Review | Oppenheimer – A BLAST OF A BIOPIC

Oppenheimer is a biographical thriller film directed by Christopher Nolan, featuring Cillian Murphy and Emily Blunt.

General Rating

In a nut-shell:


It’s not an everyday lab. 

Somewhere in New Mexico, Los Alamos is where scientific brains have gathered for the Manhattan Project, to build and test mankind’s most lethal weapon. And theoretical physicist J Robert Oppenheimer is in charge. 

Christopher Nolan, whose last outing Tenet was convoluted and finally underwhelming, takes his own time to set up what’s probably the most relevant theme of our times. Segueing smoothly from black and white to muted colours, a little more than a leisurely hour is spent on building the genius of Oppenheimer, his affinity for quantum mechanics, his quick grasp of Dutch, his study of Sanskrit, and his meetings with brainpower that one has only heard of with awe. Einstein for instance. It’s a verbose build-up, the action moving in later.

There is Oppie’s personal life, not quite upright. And his clumsiness in the lab. Until a mentor guides him. “You don’t have to read the music, you have to hear the music. Can you hear it?” He can, as Oppie rushes off to where his heart beckons him. Steps, moves and leaps that lead to making him the “greatest salesman of science”. The ‘J’ in his name, is, incidentally, dismissed sometime in the film as standing for nothing. It’s just there. 

Nolan, who has drawn his material from American Prometheus: The Triumph and Tragedy of J. Robert Oppenheimer, the 2005 book by Kai Bird and Martin Sherwin, uses his filmmaking skills to make Oppie’s story the most compelling and unconventionally narrated biopic of recent times. There is a classic unobtrusive moment when Oppie, teaching a class with one student, turns from the blackboard to many more as his class swells. There are, of course, far more operatic sequences much later, like the big blast itself, silence giving way to deafening thunder as the infamous mushroom cloud rises.    
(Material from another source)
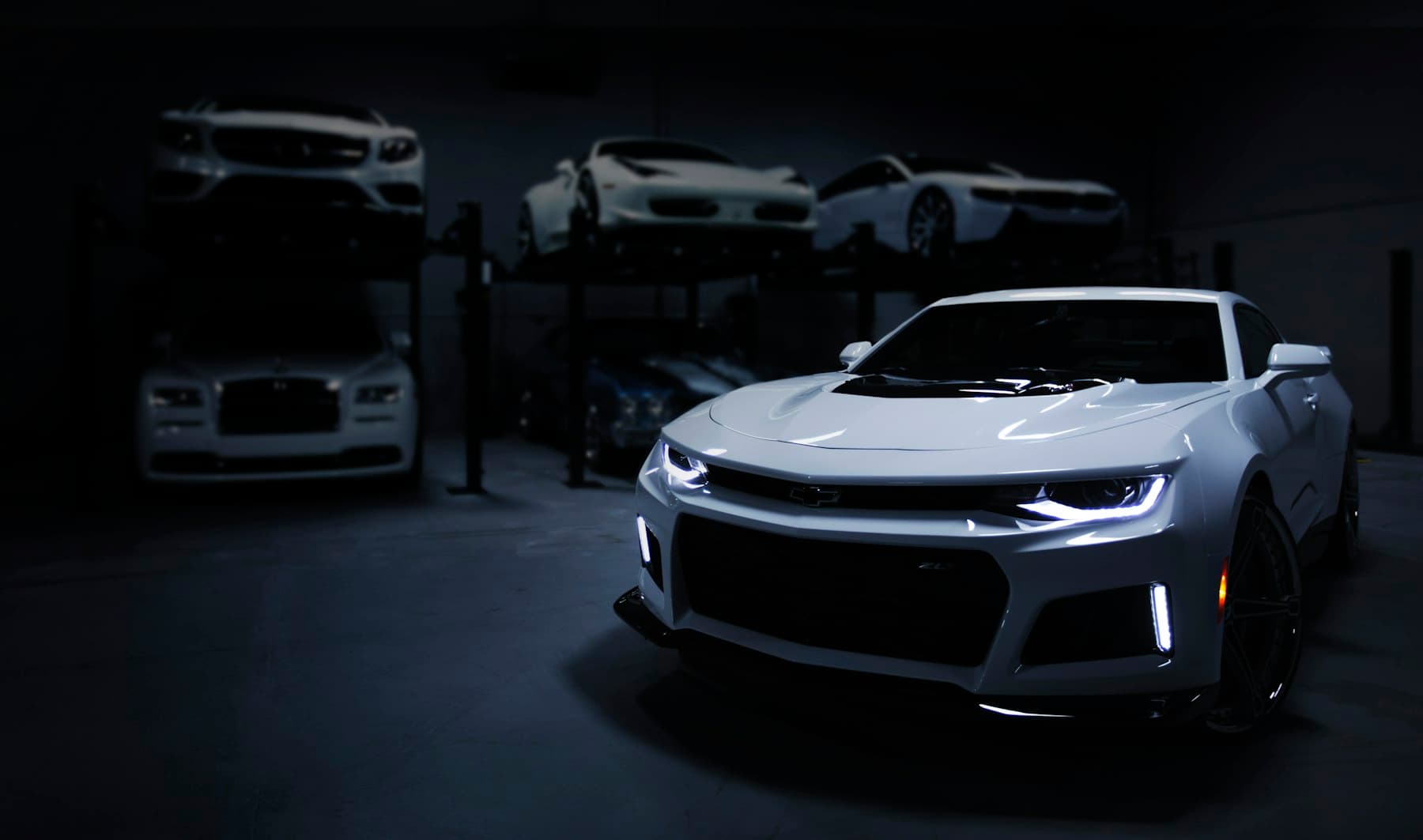 Dark coupe with reflective paint. Demonstration photograph. Not verified work from this shop.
Oppenheimer’s life that climaxes with becoming the “father of the atom bomb” is told with such cinematic assuredness that what’s put together at Los Alamos is a chapter from history that you want to know. You hate what they’re going to do with humanity and yet you want to know.    

After bets are laid and nerves are on edge, when the nuclear test nicknamed Trinity finally explodes with success, there’s foot-stamping approval to jubilant cries of “Oppie, Oppie”. Truman is ecstatic, it was the “greatest scientific gamble and we have won”.

Scientists can only create but what’s done with the creation is in the hands of politicians. Oppie hesitates, the bomb is “a weapon of mass genocide”. Hitler’s dead but Japan won’t surrender; President Truman and his men want to end the war.    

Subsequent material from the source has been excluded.